- [Work required]:
From the listing below, give again exactly the lines from the line with "The fallen of" to the line with "You can login", ends included, without any pictures.

- [Source material]:
------------------------------------

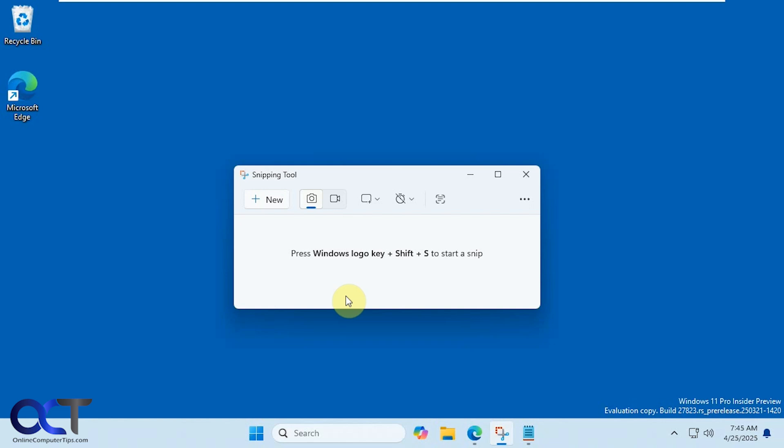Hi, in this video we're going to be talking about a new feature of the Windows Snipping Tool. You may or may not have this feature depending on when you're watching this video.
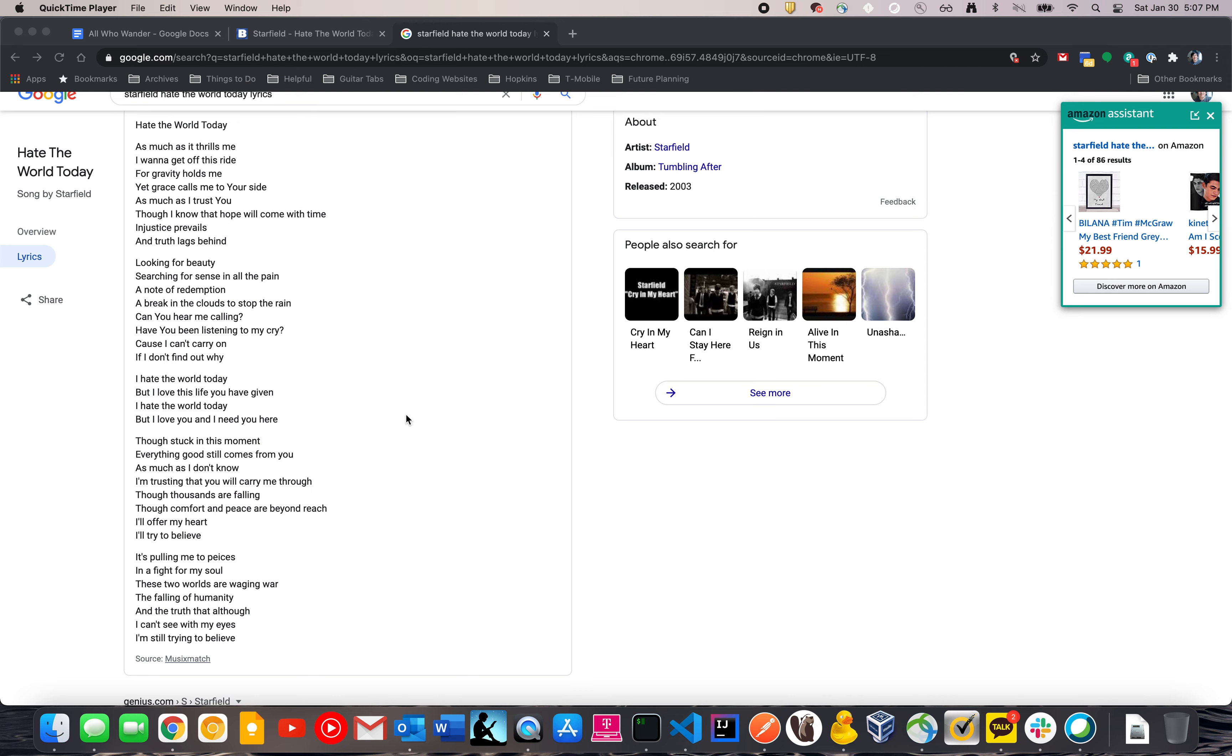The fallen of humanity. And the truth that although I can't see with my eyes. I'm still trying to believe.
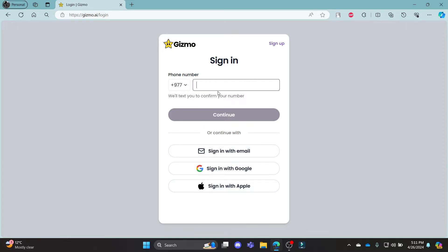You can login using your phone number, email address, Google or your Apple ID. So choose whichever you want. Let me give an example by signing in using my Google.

------------------------------------

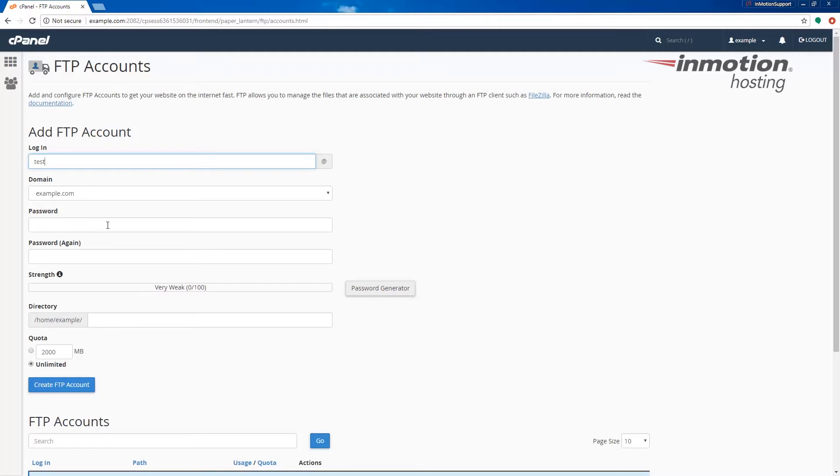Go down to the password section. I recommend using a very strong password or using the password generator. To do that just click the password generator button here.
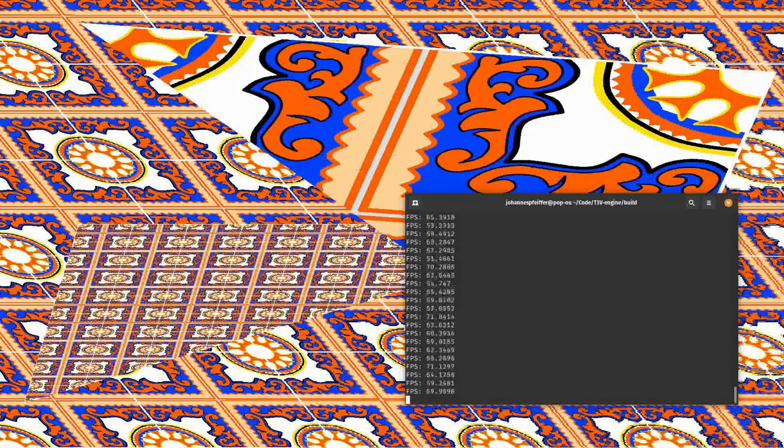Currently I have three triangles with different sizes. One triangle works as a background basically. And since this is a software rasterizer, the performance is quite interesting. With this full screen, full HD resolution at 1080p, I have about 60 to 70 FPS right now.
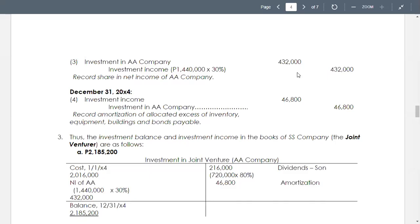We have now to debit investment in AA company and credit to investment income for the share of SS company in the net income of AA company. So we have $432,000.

------------------------------------

- [Task response]:
The fallen of humanity. And the truth that although I can't see with my eyes. I'm still trying to believe.
You can login using your phone number, email address, Google or your Apple ID. So choose whichever you want. Let me give an example by signing in using my Google.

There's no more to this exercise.